§ **Material for this task**
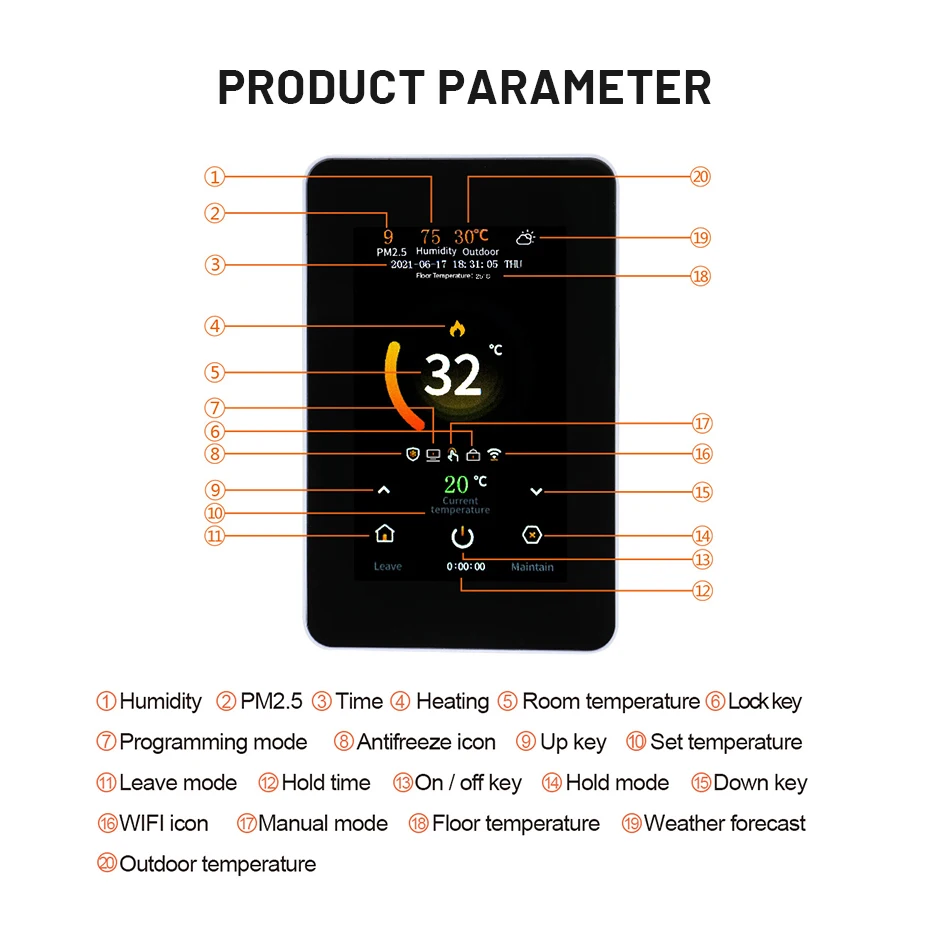 Tuya WiFi Smart Thermostat Electric Floor Heating Water Heating Temperature Controller CO2 and Humidity Sensor Alexa Google Home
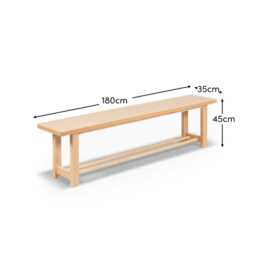 Carter 2 Seater Dining Bench - Whitewash Oak - thumbnail 4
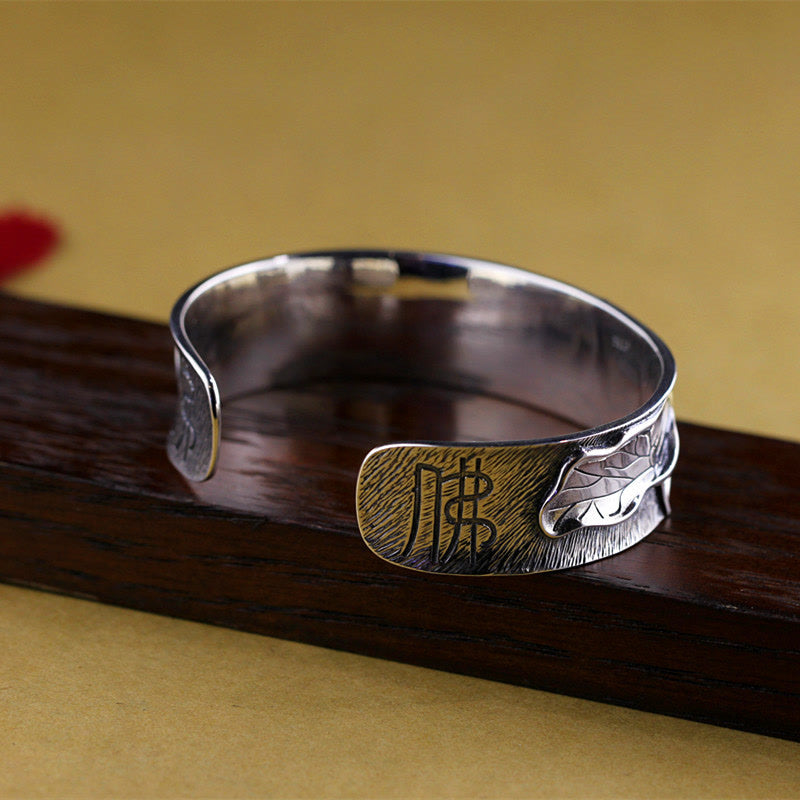 Lotus Flower Calm Bracelet in 925 Sterling Silver Adjustable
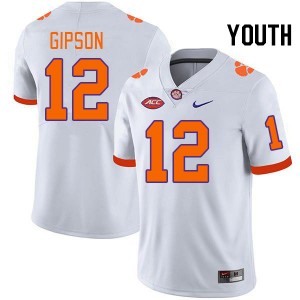 Corian Gipson Tiger Town 2024-25 College Football #12 Youth Jersey - White 624402-804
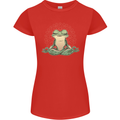 Yoga Frog Meditation Womens Petite Cut T-Shirt Red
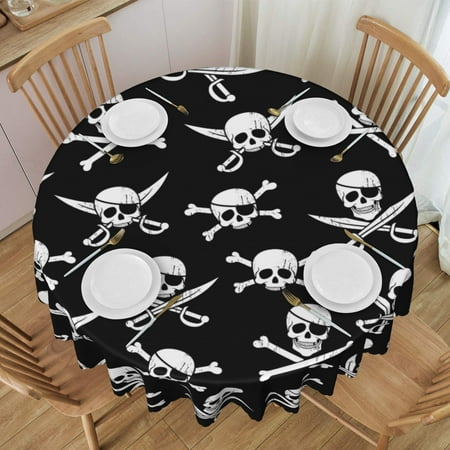 

Tablecloth Pirate-Skull Table Cloth For Circular Tables Waterproof Resistant Picnic Table Covers For Kitchen Dining/Party
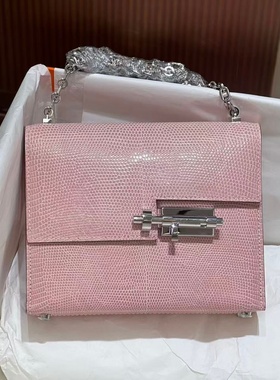 浅粉原厂蜥蜴皮手枪包插稍包Verrou 小号银扣女士迷你手工链条包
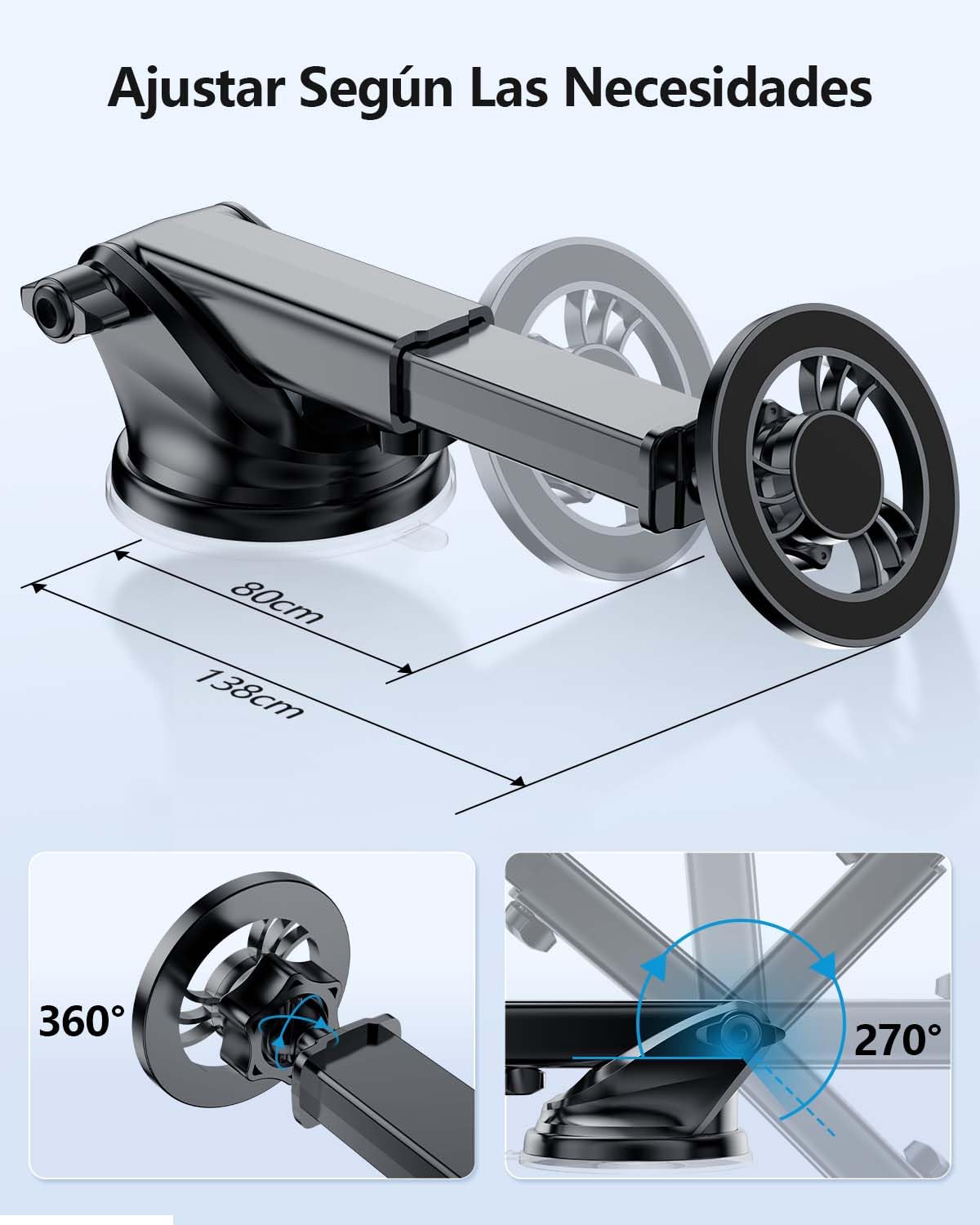 BYASKZIV Soporte para Celular Automovil 3 en 1, Magnético Porta Celular para Auto con Gancho y Ventosa para Rejilla o Parabrisas, para iPhone 15/14/13 Pro MAX, Huawei, Motorola, Xiaomi 14 Ultra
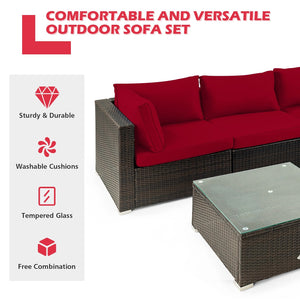 5 Pieces Cushioned Patio Rattan Furniture Set with Glass Table-Red view 6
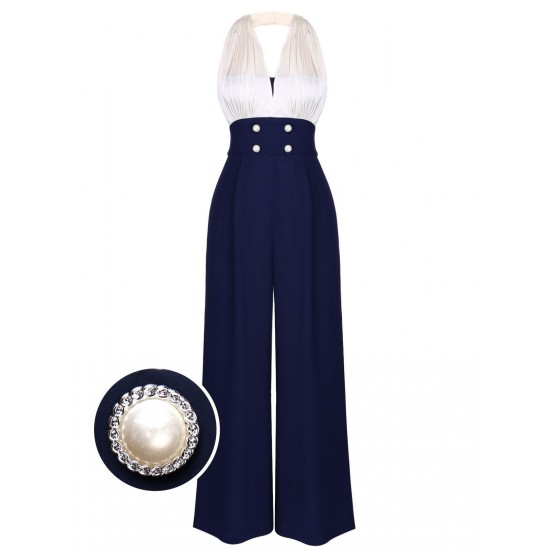 Blue Halter Patchwork Jumpsuit Blue Halter Patchwork Jumpsuit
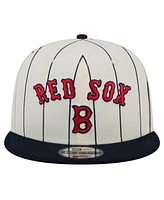 New Era Men's White Boston Red Sox Jersey Pinstripe 9FIFTY Snapback Hat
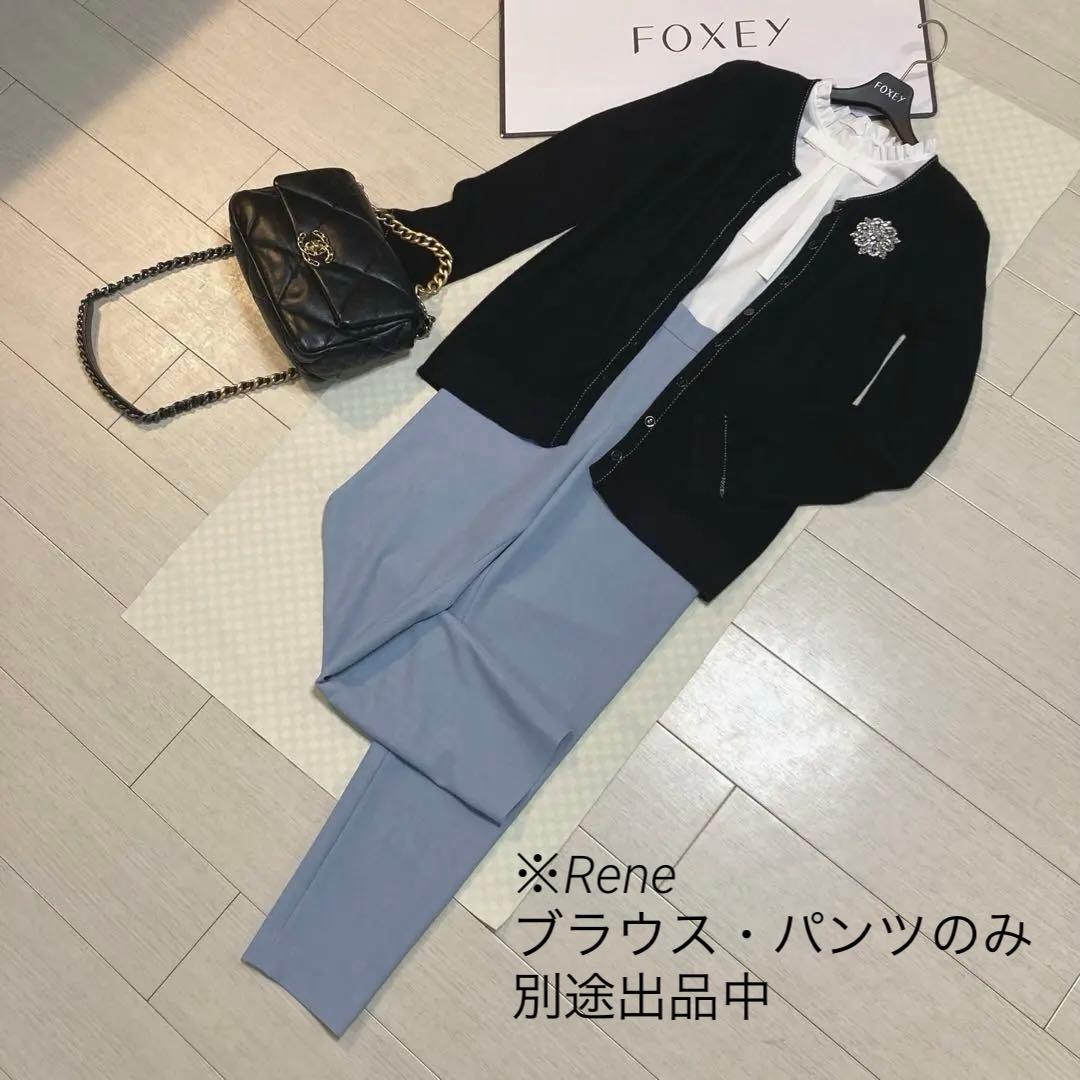 定価¥81,400♡FOXEYロゴ入りカーディガン(42 Ｌ・黒)
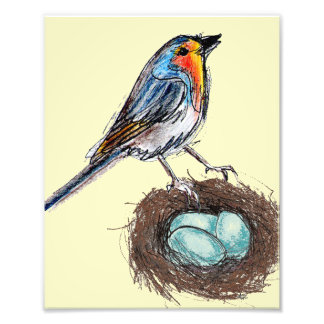 Robin's Egg Nest print art Robin Bird 8x10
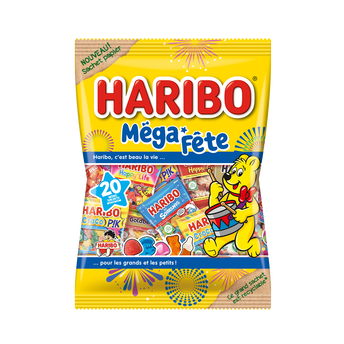Image de Confiseries assorties Méga fête HARIBO, sachet papier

§ **Work required**
Nothing but the lines from the one containing "浅粉原厂蜥蜴皮手枪包插稍包Verrou 小号银扣女士迷你手工链条包" through the end of the entries is to be retyped, exactly as written and without pictures.

§ **Reply**
 浅粉原厂蜥蜴皮手枪包插稍包Verrou 小号银扣女士迷你手工链条包
 BYASKZIV Soporte para Celular Automovil 3 en 1, Magnético Porta Celular para Auto con Gancho y Ventosa para Rejilla o Parabrisas, para iPhone 15/14/13 Pro MAX, Huawei, Motorola, Xiaomi 14 Ultra
 5 Pieces Cushioned Patio Rattan Furniture Set with Glass Table-Red view 6
 Blue Halter Patchwork Jumpsuit Blue Halter Patchwork Jumpsuit
 New Era Men's White Boston Red Sox Jersey Pinstripe 9FIFTY Snapback Hat
 定価¥81,400♡FOXEYロゴ入りカーディガン(42 Ｌ・黒)
 Robin's Egg Nest print art Robin Bird 8x10
Image de Confiseries assorties Méga fête HARIBO, sachet papier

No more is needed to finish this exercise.